Southwest Airlines, which doesn’t fly the MAX 9, Thursday lowered its forecast for 2024 Boeing MAX deliveries “due to Boeing’s continued supply chain challenges,” it said in an earnings statement.
Alaska Airlines Chief Executive Ben Minicucci expressed frustration with Boeing, telling CNBC “we’re going to hold their feet to fire in terms of aircraft delivery and quality.”
On Wednesday night, the Federal Aviation Administration announced a detailed inspection framework that would allow the grounded MAX 9 planes to return to service.
The grounding resulted in 3,000 Alaska Airlines flight cancellations in January, officials said on an earnings conference call.
Alaska Airlines, which has 65 planes affected by the grounding, expects to bring the jets back into service beginning Friday.
“The first of our 737-9 MAX will resume flying on Friday, Jan. 26, with more planes added every day as inspections are completed and each aircraft is deemed airworthy,” the carrier said.
“We expect inspections on all our 737-9 MAX to be completed over the next week.”
In Thursday’s securities filing, Alaska said it expects a “gradual return” of the fleet through early February.
The incident, the first major in-flight safety episode since fatal MAX crashes in 2018 and 2019, has heaped renewed scrutiny on Boeing, which tumbled again on Wall Street on Thursday.
Boeing’s outlook lowered
Besides clearing the inspection framework, the FAA on Wednesday vowed to suspend any MAX production increases until Boeing improves its performance.
FAA Administrator Mike Whitaker said it won’t be “back to business as usual” at Boeing.
“We will not agree to any request from Boeing for an expansion in production or approve additional production lines for the 737 MAX until we are satisfied that the quality control issues uncovered during this process are resolved,” Whitaker said.
The new FAA stance threatens Boeing’s medium-term financial outlook, which had seen a return to strong free cash flow in 2025 or 2026, according to a note Thursday from Bank of America.

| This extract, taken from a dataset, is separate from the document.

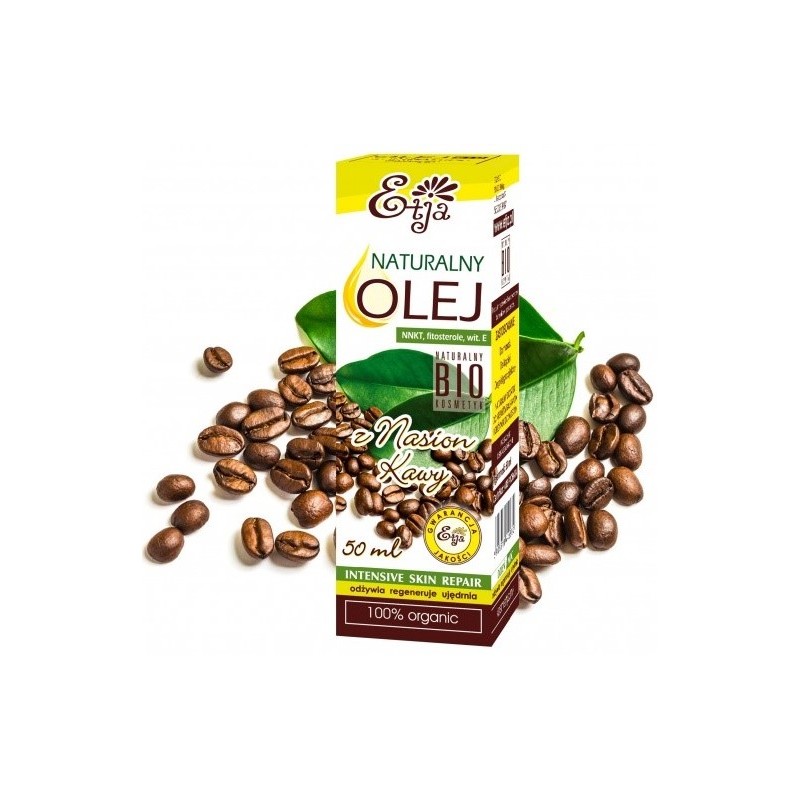 Etja Olej Z Nasion Kawy Bio 50Ml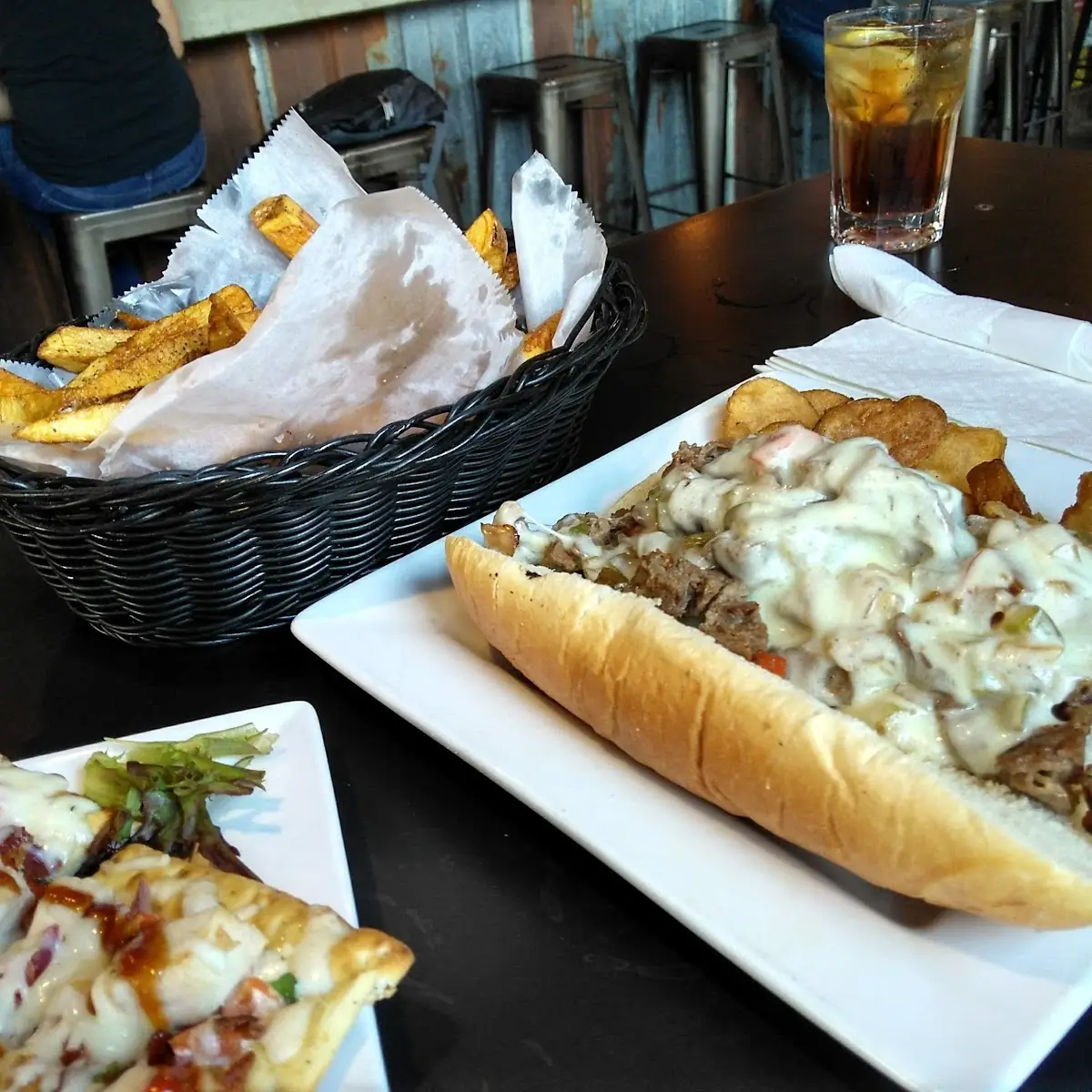 Philly Cheese Steak Sandwich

The FAA approach will likely “delay Boeing’s 737 ramp by roughly a year,” said the Bank of America note, which downgraded the rating on Boeing shares to “neutral.”
Southwest Airlines Chief Executive Bob Jordan said Thursday his company could further adjust its MAX delivery expectations in light of the latest FAA stance.
“We don’t know if there’s an impact,” Jordan told CNBC, adding that he supported the FAA’s actions.
“Anything that helps Boeing improve quality, address the issues is good for Boeing and is good for Southwest Airlines,” he said.
In Thursday’s earnings release, Southwest said it now expects 79 MAX deliveries in 2024 instead of the 85 it is under contract to receive this year.
Shares of Boeing fell 6.2 percent in afternoon trading, while Alaska Airlines parent Alaska Air Group rose 4.1 percent. Southwest dropped 2.8 percent.